(Beginning of DATASET)
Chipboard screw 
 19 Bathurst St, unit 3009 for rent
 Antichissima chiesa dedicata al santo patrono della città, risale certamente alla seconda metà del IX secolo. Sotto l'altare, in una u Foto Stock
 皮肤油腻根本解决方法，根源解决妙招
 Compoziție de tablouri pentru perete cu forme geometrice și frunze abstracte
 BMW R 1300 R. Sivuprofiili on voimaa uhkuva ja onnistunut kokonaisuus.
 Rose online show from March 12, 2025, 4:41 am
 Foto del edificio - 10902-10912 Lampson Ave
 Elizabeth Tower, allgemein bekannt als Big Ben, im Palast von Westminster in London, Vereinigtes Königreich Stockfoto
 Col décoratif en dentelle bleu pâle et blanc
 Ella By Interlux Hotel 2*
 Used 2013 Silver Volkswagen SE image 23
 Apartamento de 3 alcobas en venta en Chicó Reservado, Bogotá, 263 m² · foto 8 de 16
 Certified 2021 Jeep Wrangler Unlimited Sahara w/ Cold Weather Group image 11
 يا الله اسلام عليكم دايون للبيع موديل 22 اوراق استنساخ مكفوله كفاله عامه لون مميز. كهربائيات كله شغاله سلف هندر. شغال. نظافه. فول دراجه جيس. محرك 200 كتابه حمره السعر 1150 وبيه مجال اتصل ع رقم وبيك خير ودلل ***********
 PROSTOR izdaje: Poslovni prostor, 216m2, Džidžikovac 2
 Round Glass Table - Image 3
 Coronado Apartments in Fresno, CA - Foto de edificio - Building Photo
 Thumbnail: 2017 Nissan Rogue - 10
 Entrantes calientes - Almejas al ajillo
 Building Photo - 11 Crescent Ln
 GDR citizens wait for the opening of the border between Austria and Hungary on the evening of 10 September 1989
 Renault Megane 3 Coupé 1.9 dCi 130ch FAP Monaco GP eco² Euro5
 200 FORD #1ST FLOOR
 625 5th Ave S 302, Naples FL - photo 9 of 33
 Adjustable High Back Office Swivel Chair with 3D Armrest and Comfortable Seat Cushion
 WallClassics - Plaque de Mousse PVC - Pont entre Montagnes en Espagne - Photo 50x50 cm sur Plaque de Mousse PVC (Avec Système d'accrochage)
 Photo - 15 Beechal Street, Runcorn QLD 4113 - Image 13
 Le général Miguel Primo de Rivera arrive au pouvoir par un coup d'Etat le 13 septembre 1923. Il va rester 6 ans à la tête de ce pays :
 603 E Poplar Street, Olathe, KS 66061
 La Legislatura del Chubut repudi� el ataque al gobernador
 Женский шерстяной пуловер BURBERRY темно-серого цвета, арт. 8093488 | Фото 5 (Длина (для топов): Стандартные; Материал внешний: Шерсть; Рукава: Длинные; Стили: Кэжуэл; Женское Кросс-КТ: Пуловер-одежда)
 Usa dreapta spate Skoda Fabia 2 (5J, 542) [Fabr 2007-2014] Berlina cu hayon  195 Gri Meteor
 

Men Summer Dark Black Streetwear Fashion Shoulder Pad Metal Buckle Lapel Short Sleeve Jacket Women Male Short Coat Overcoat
(End of DATASET)
#### WHAT TO WORK ON:
Only the lines above, from the first through the one holding "Ella By Interlux Hotel 2*", are to be output, and they must be copied exactly.

#### RESPONSE BOX:
Chipboard screw 
 19 Bathurst St, unit 3009 for rent
 Antichissima chiesa dedicata al santo patrono della città, risale certamente alla seconda metà del IX secolo. Sotto l'altare, in una u Foto Stock
 皮肤油腻根本解决方法，根源解决妙招
 Compoziție de tablouri pentru perete cu forme geometrice și frunze abstracte
 BMW R 1300 R. Sivuprofiili on voimaa uhkuva ja onnistunut kokonaisuus.
 Rose online show from March 12, 2025, 4:41 am
 Foto del edificio - 10902-10912 Lampson Ave
 Elizabeth Tower, allgemein bekannt als Big Ben, im Palast von Westminster in London, Vereinigtes Königreich Stockfoto
 Col décoratif en dentelle bleu pâle et blanc
 Ella By Interlux Hotel 2*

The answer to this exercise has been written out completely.